Since she is stalling on the mediation, I would change your plans and stay. Tell her to find a place. If there is a spare room ask HER to move into it until she finds a place (being Christmas, it might be tough). OR - let her move into the place you already arranged - but make sure she knows that it's temporary.

BOTH of you are responsible for the state of your marriage leading up to her affair. Once she chose to have an affair, she chose her own selfish interests above all else. SHE chose to look after her own needs above her family's. SHE chose to lie and go behind you and your children's backs. So SHE should take responsibility for her choices and leave. It is that simple. If she shows remorse, then she can work on getting back with the family. But it is up to her. Your task now is to look after your children and look after yourself.

Good luck!


----------



## Thor (Oct 31, 2011)

Do you have a lawyer? Is he/she advising you on strategy? Or just agreeing with what you want and then doing the paperwork?

Why can't you just file for divorce with your terms for custody and finances?


----------



## Will_Kane (Feb 26, 2012)

Is the affair ongoing? Are they still communicating? Are they still meeting up for sex?

Where does your wife stand? She says she wants separation and divorce and then does the opposite?

Where does other man stand? Does he say he wants to divorce and marry your wife? Is he separated or in process of divorce? Is he working on his marriage? Or is he just using your wife for sex? If you don't know, can you find out from his wife?

Did your wife ever like sex? When you were dating, engaged, first married? Or was she like this from day one?


----------



## DarkHoly (Dec 18, 2012)

Don't ever let anyone convince you that this is your fault. 

We live in a society of blame. It's her affair, her irresponsibility, her unfaithfulness, but it's your fault? 

Garbage.


----------



## Will_Kane (Feb 26, 2012)

Become indifferent to your wife. Stop discussing anything other than finances, the divorce, and the kids.

Tell your wife you won't discuss your relationship until she gives up other man and is willing to demonstrate it to you, for example, by writing a no contact letter, giving up her passwords, not deleting things, letting you know her whereabouts, and apologizing to you and your family and friends.

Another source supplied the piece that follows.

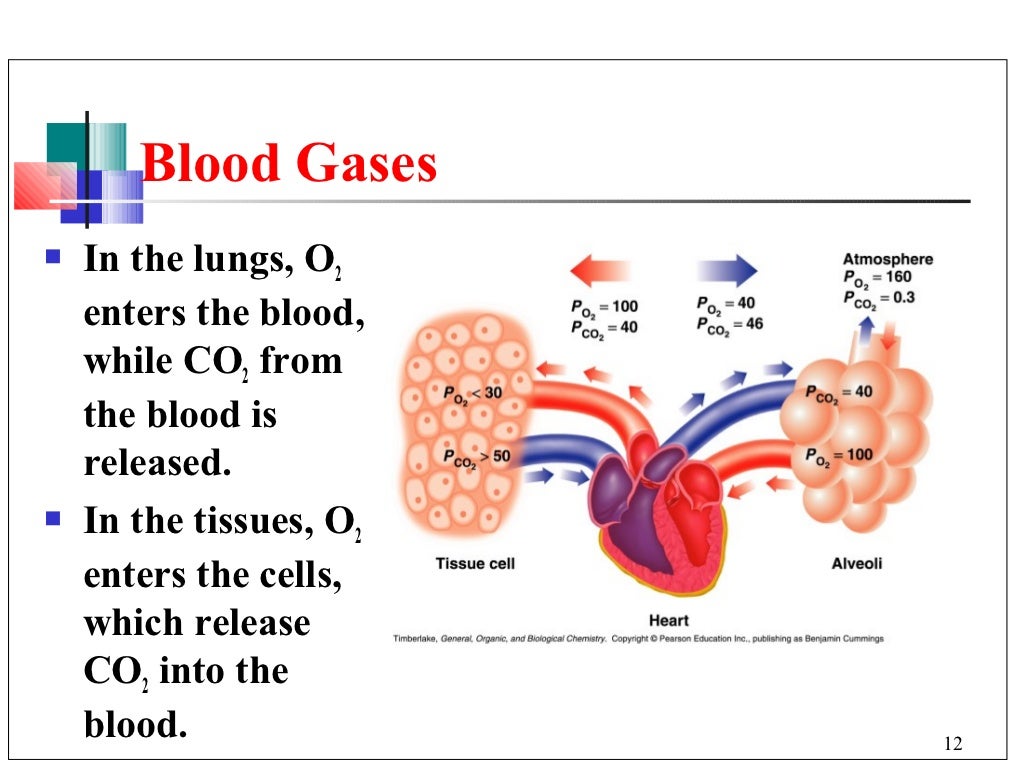 Buffer in the blood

If your wife won't agree to the separation agreement, stay in the house and proceed with the divorce without her. Don't count on her cooperation. Eventually, if she doesn't cooperate, a judge will make the decisions about her finances and her share of custody for her. Stop letting her get to you. She enjoys it. SHE CONTROLS YOU BECAUSE YOU LET HER CONTROL YOU. Stop giving her this power. Lower your expectations. Expect her to be as difficult as possible, then if she isn't, you will be pleasantly surprised. Detach.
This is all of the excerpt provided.